Al mirar nuestro jardín de atrás a través de la ventana de mi cocina, vi a mi hijo, de casi dos años, sentado bajo un hermoso árbol en flor, con unos cachorros en su regazo y dos grandes globos rojos por encima de su cabeza. Se veía tan tranquilo y feliz; me pareció que era la imagen misma de la felicidad pura.
Sin embargo, al volver a mirar por la ventana, vi que uno de los globos se había reventado, y la escena que veía era muy diferente. Ahora, sentado frente a mí, había un niñito triste con la cara roja y lágrimas que corrían por su rostro. Estaba mirando el globo rojo en el suelo, tratando de unir los pedazos, completamente ajeno a los dos encantadores cachorros que jugaban a su lado con la cuerda verde que había sujetado el globo.

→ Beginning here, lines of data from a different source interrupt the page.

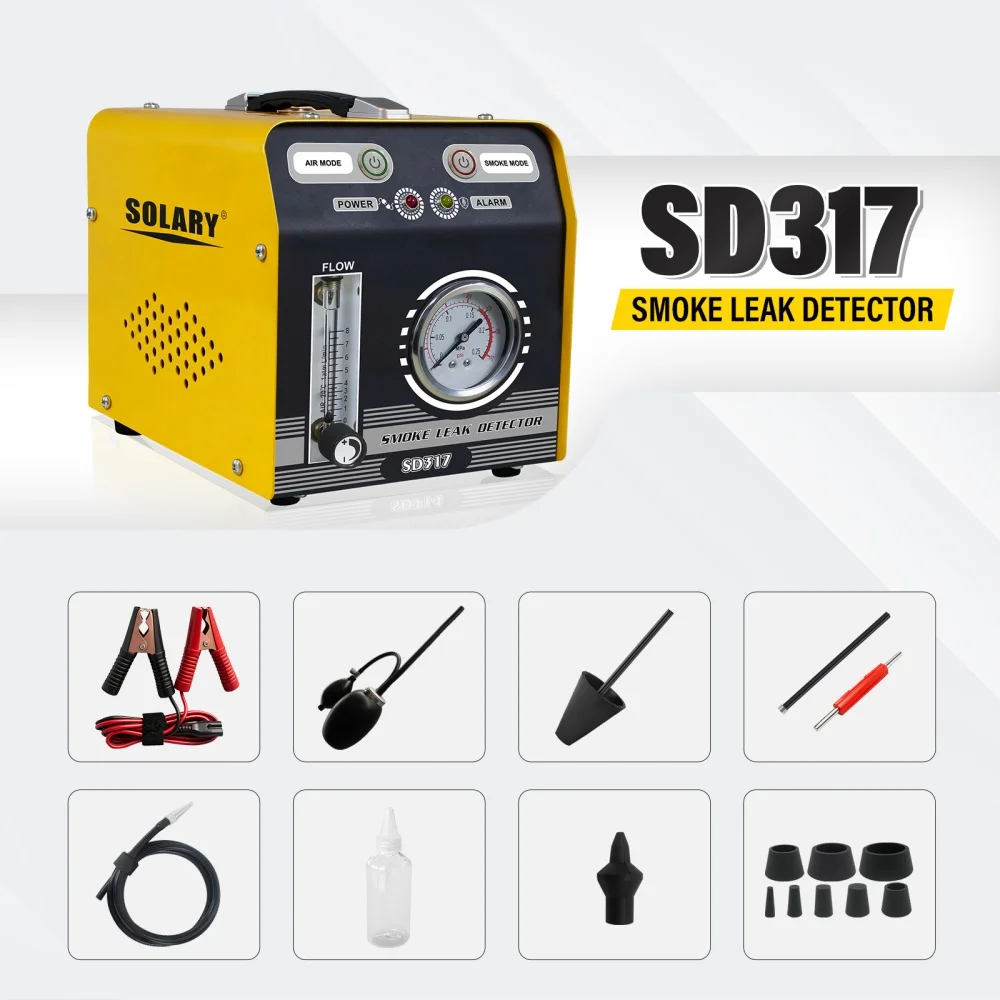 SD317 Professional 12V Car Leak Detector Engine Intake Cooling Pipe Diagnostic Tool EVAP Machine with 1-Year Warranty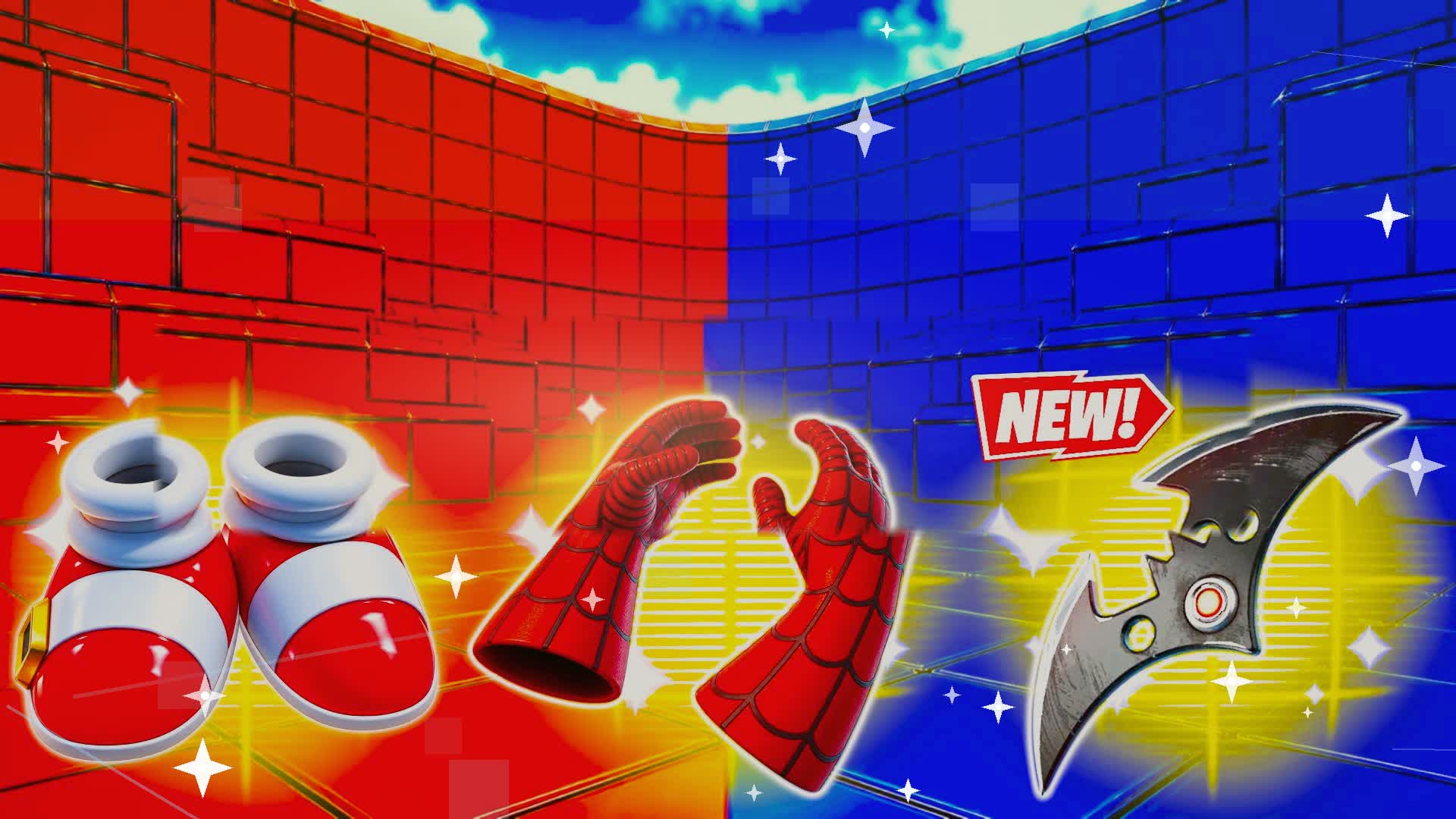 Red vs Blue Team Party ๐ด๐ต โ Fortnite Creative map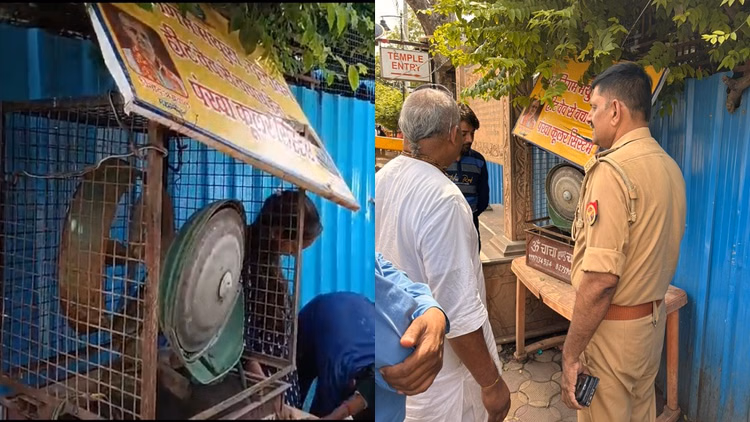 इस्कॉन मंदिर के बाहर दर्दनाक हादसा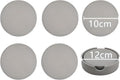 5-Piece Silicone Coasters Set with Holder - 3.9“ Non-Slip & Anti-Overflow Design for Hot/Cold Drinks | Thickened Kitchen & Living Room Decor, Housewarming Gifts for Men (Coffee, Beer, All Cup Types)
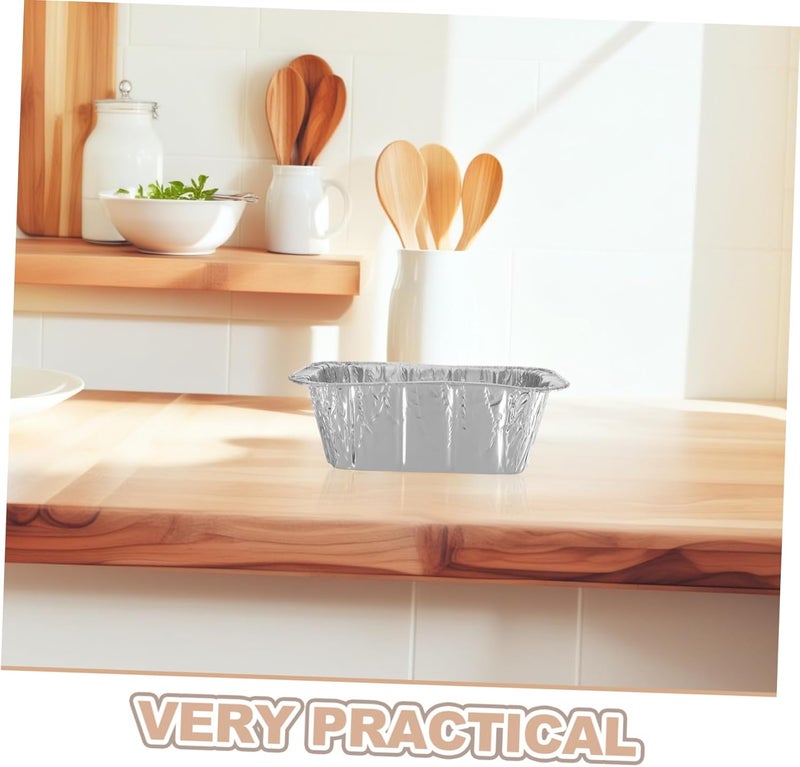 FAVOMOTO 30pcs Aluminum Foil Drip Pans for Grilling Grease Catcher Compatible Griddle Lightweight and BBQ Accessories for Clean Cooking - Image 3
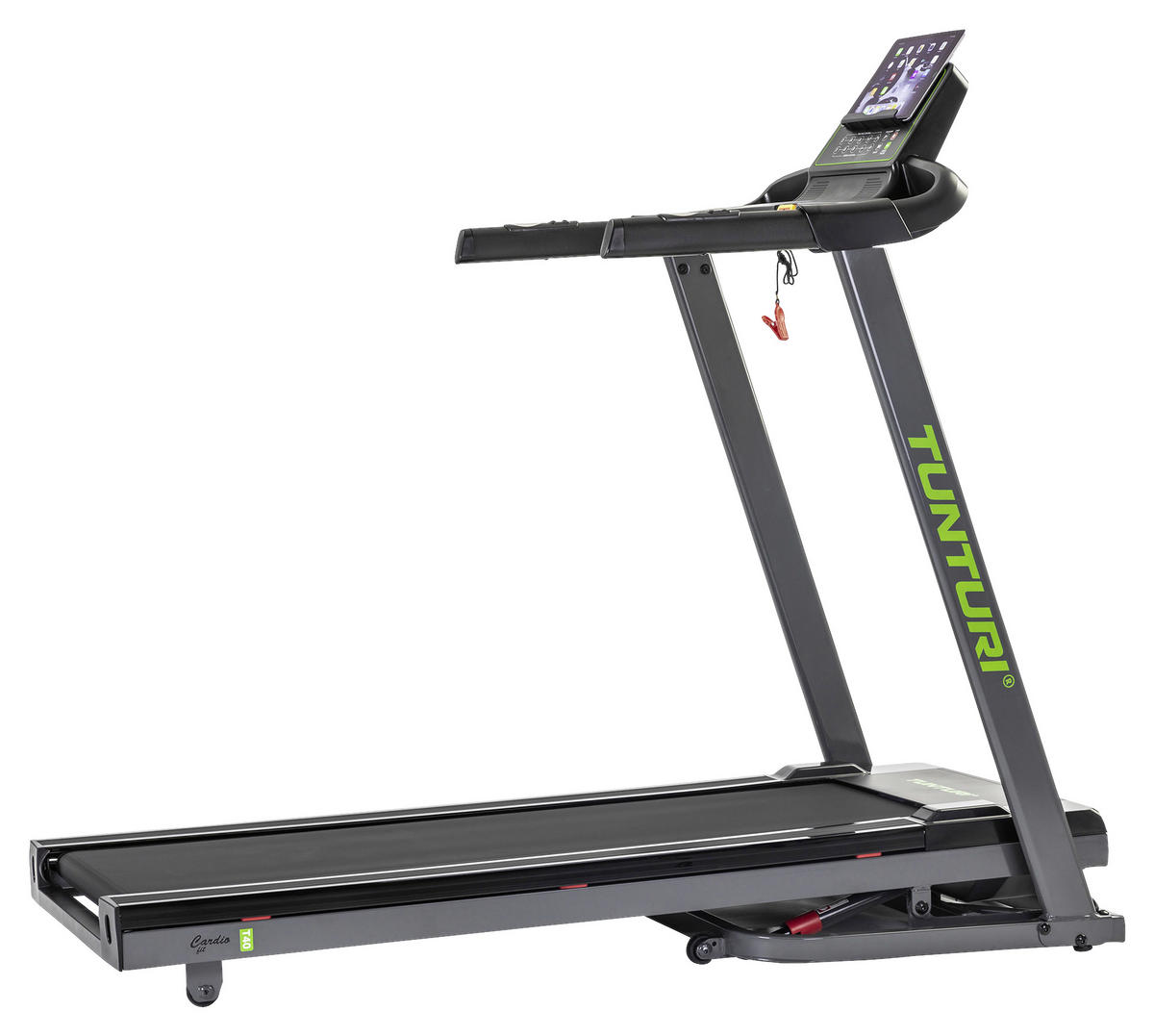 LAUFBAND CARDIO FIT T40 - Schwarz, KONVENTIONELL, Kunststoff/Metall (152/70/135cm) - Tunturi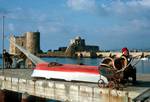 Castle, Red Boat, Old Man, Saida, Lebanon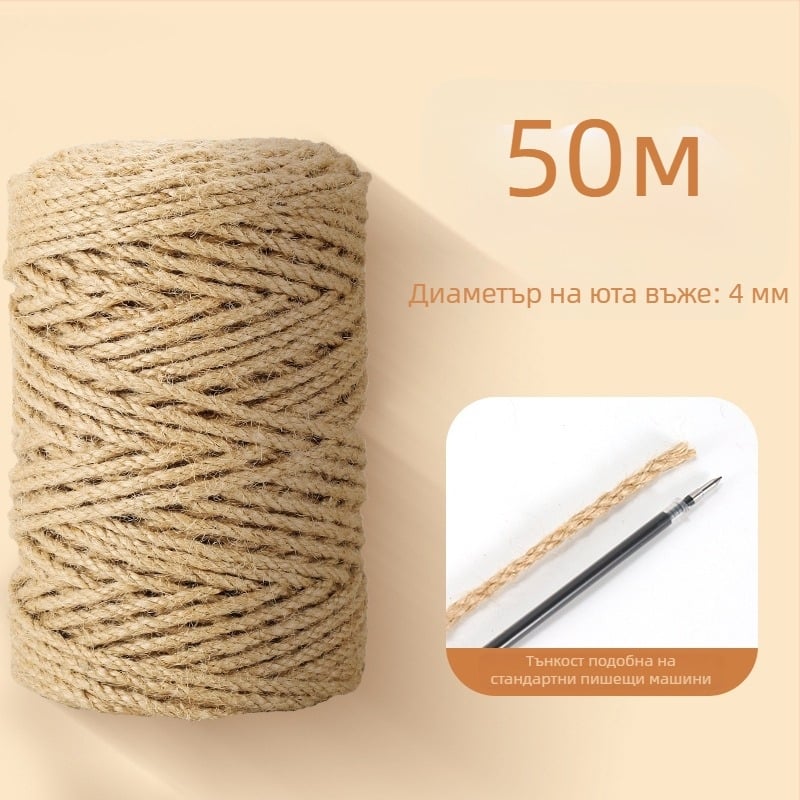 Котешки DIY пост за драскане с сизалено въже – катереща рамка, драскалка, сладък стил, марка Pillar Bird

Sentí compasión por él. Habíamos visto volar muchos globos y con la mano les habíamos dicho adiós, pero esto era algo nuevo para mi pequeño. Allí estaba sentado, viendo que su globo no se podía reparar. Al evaluar la situación, oré, sabiendo que la felicidad y el amor de Dios por nosotros son permanentes, porque son cualidades espirituales que siempre tenemos de Dios; no dependen de que un globo esté lleno de helio. Supe de todo corazón que el amor de Dios es tierno, dulce, bondadoso y lleno de esperanza.